Eigentlich wäre dieses Jahr Spielpause gewesen. Angesichts des Bibelpreises wurde die Gruppe aber doch zusammengetrommelt. Bei der Preisverleihung nur über die Stücke zu erzählen, anstatt einen Eindruck davon zu vermitteln, das wollte sie dann doch nicht. „Ich find’s furchtbar langweilig, mich nur vorne hinzustellen und zu referieren“, meint Susanne Matthies.
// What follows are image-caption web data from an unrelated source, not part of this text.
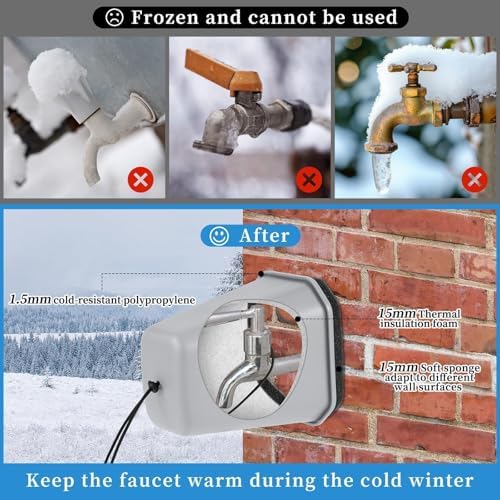 4 Pack 2026 Upgrade Extra Large Outdoor Faucet Cover for Winter Freeze Protection 8.5x7x5.5in Thick Plastic Foam Hose Bib Spigot Cover Winter Insulated with Reflective Strips (Gray) - Image 3
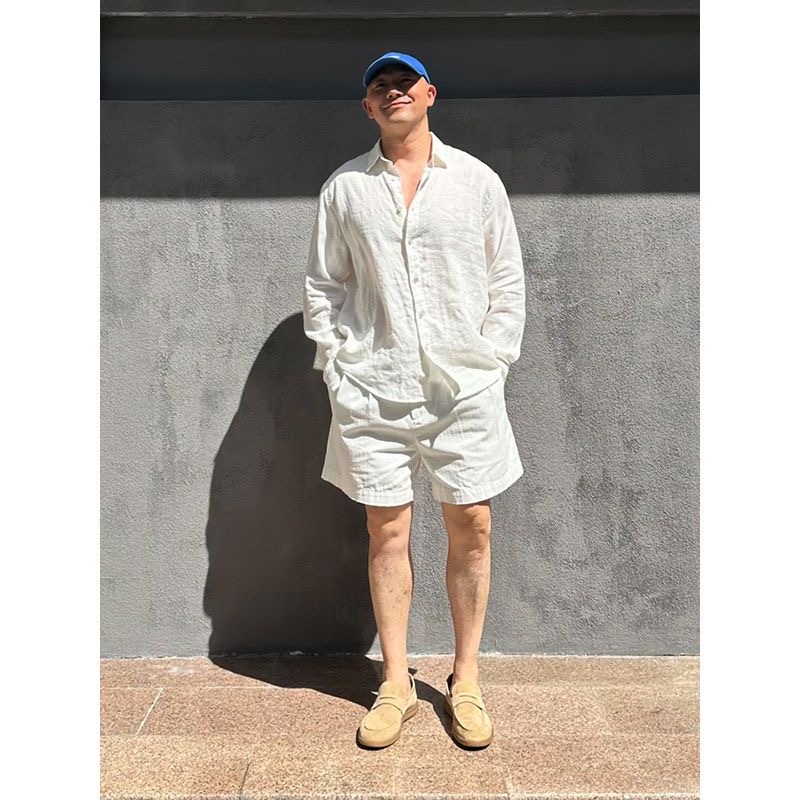 Conjunto de Camisa de Lino de  - Mens Linen Shirt Long Sleeve reseña y precio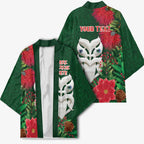 Maori Wheku Meri Kirihimete Personalised Kimono All Green Indigenous Maori Motif - Aussie Hoodie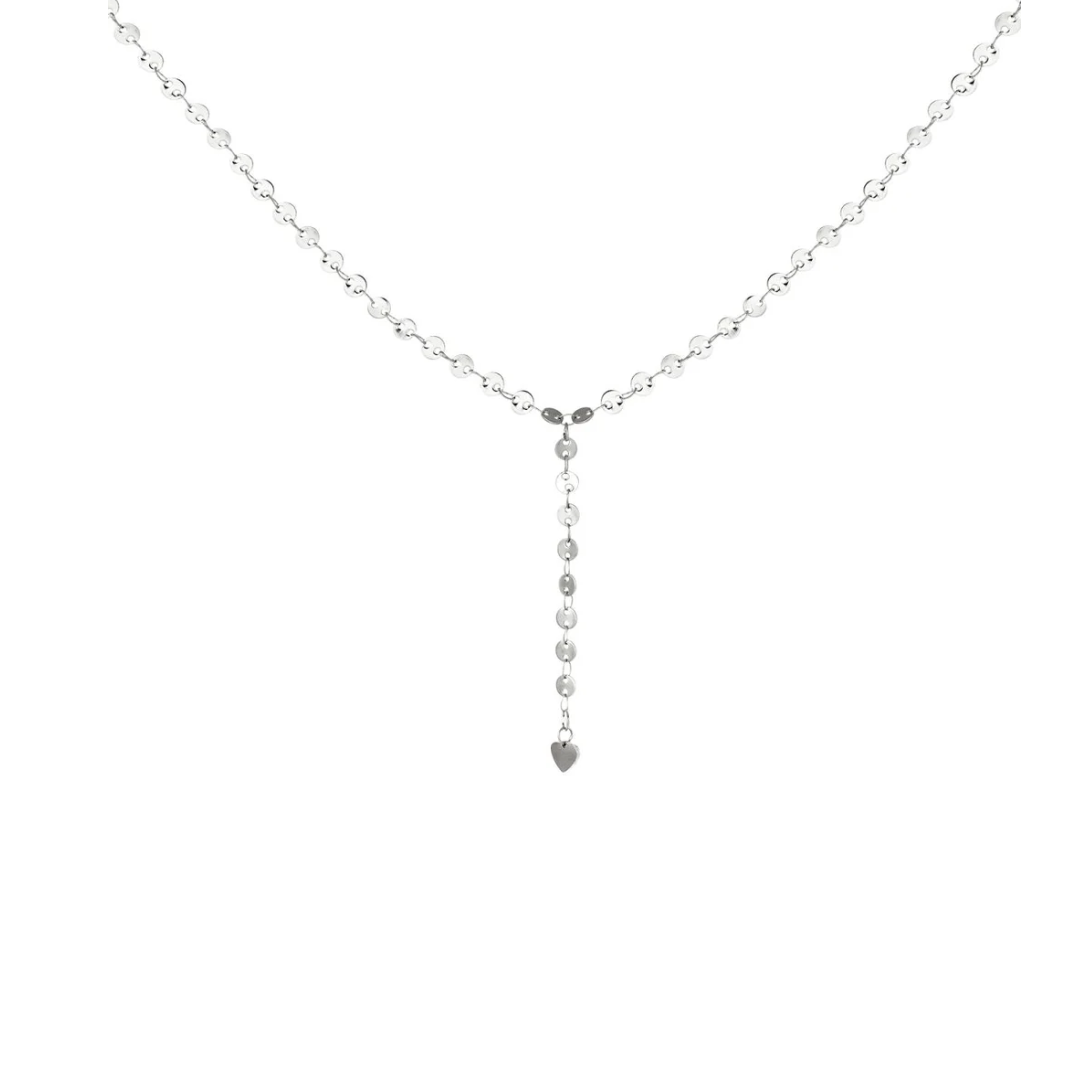 Zilveren Y lijn ketting met ronde details van Casa Jadel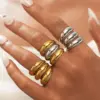 Wholesale PVD Coated Real Gold Plated 18K Gold Geometric 304 Stainless Steel Hawaiian Lady Tropical Waterproof Non Tarnish Rings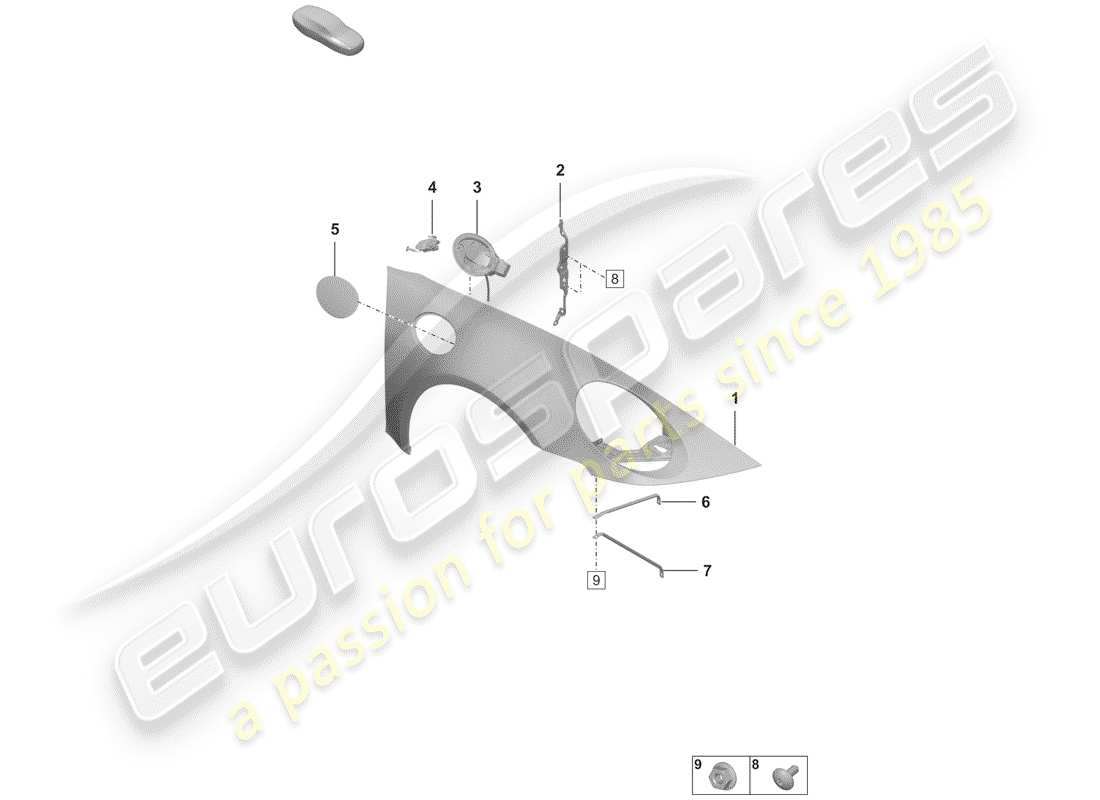 porsche 2020 (992-1) diagrama de piezas del guardabarros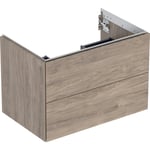 Mueble bajo Geberit serie ONE para lavabo, con dos cajones: Ancho de lavabo=75cm, Nogal hickory, Melamina estructura madera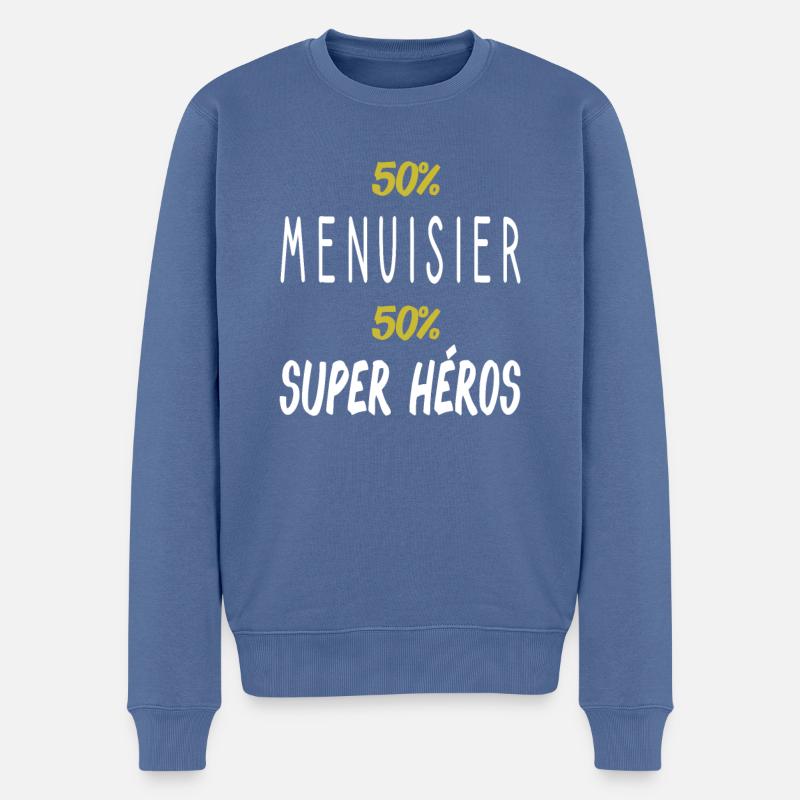 Super héros idée cadeau menuisier - Pull Premium bio Homme - bleu pigeon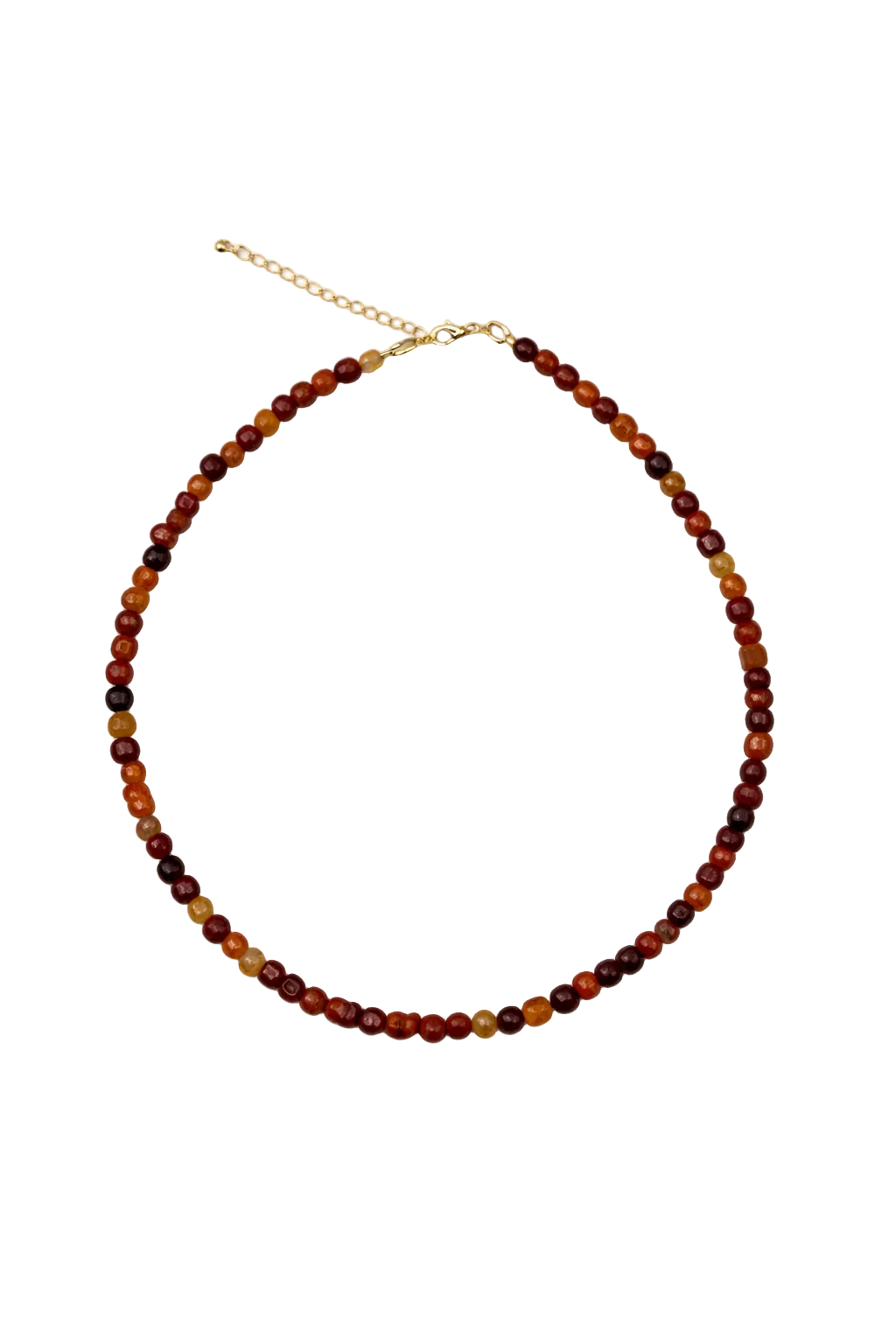 Carnelian Pebble Beaded Necklace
Also gibt es eine Wiederauferstehung des letztjährigen Stückes „Sportliche Weihnachten“. Mit kleiner Titeländerung: Weil die Preisverleihung am 15. Dezember ist, heißt es jetzt „Sportlicher Advent“.

Die Verleihung:
Den Bibelpreis verleiht der evangelische Landesbischof Frank Otfried July am Sonntag, 15. Dezember, im Gottesdienst, der um 10 Uhr in der Eglosheimer Katharinenkirche beginnt. Danach gibt es im Gemeindehaus in der Fischbrunnenstraße einen Empfang. Die Hauptpreisträger – das Eglosheimer Weihnachtsensemble – und auch die Gewinner der Sonderpreise für Kinder, Jugendliche, Klassen und Konfirmanden stellen ihre ausgezeichneten Projekte vor. Sie kommen aus Essingen, Obersulm und Warthausen.

Der Preis:
Mit dem Bibelpreis zeichnet die evangelische Landeskirche alle zwei Jahre Menschen aus, die „auf besondere und originelle Weise die Bibel und ihre Botschaft zu den Menschen bringen“. Der Hauptpreis ist mit 3000 Euro dotiert, in Eglosheim soll damit in die Technik investiert werden. Zudem gibt es bis zu drei Sonderpreise zu jeweils 1000 Euro.

Die Stücke:
Interessierten Weihnachtsspielgruppen stellt Susanne Matthies die Stücke gerne zum Nachspielen zur Verfügung.